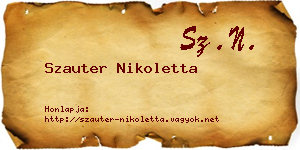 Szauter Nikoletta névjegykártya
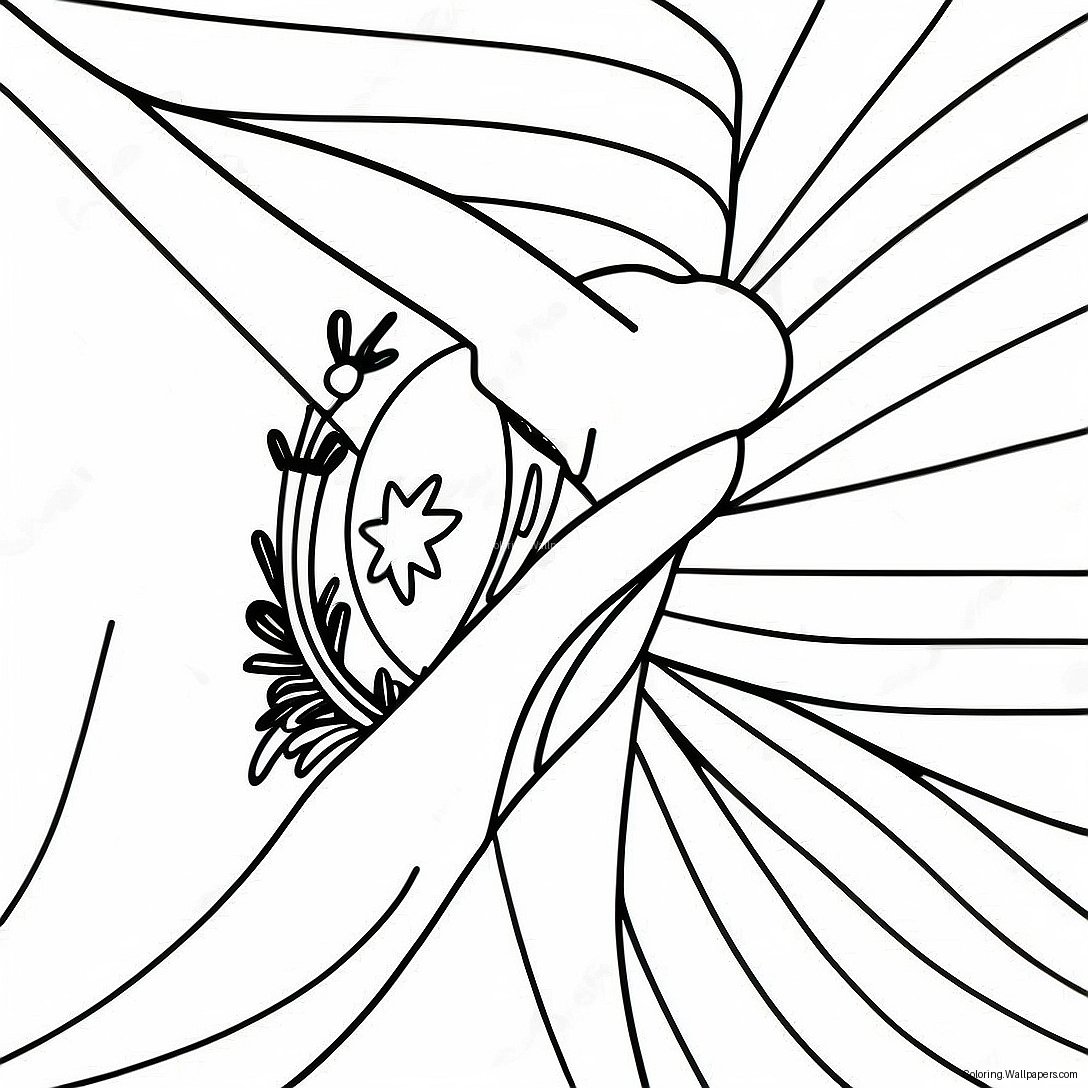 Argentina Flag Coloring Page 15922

# # #

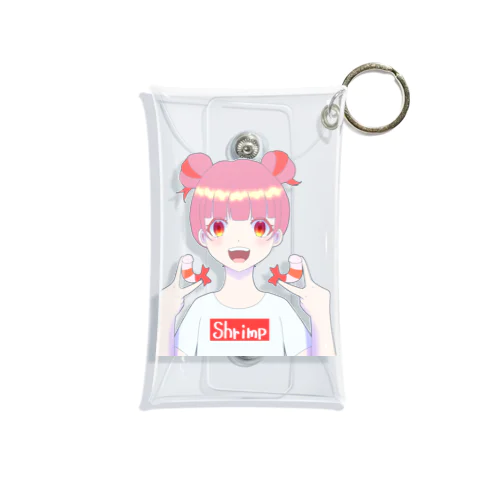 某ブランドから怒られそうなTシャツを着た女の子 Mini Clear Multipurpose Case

# # #

**HOW TO COMPLETE THIS TASK:** Print from the line containing "Szauter Nikoletta névjegykártya" through the line containing "Argentina Flag Coloring Page 15922" in the data above, exactly as the lines stand, and omit every picture.

**RESULT OF THIS TASK:**
 Szauter Nikoletta névjegykártya
 Argentina Flag Coloring Page 15922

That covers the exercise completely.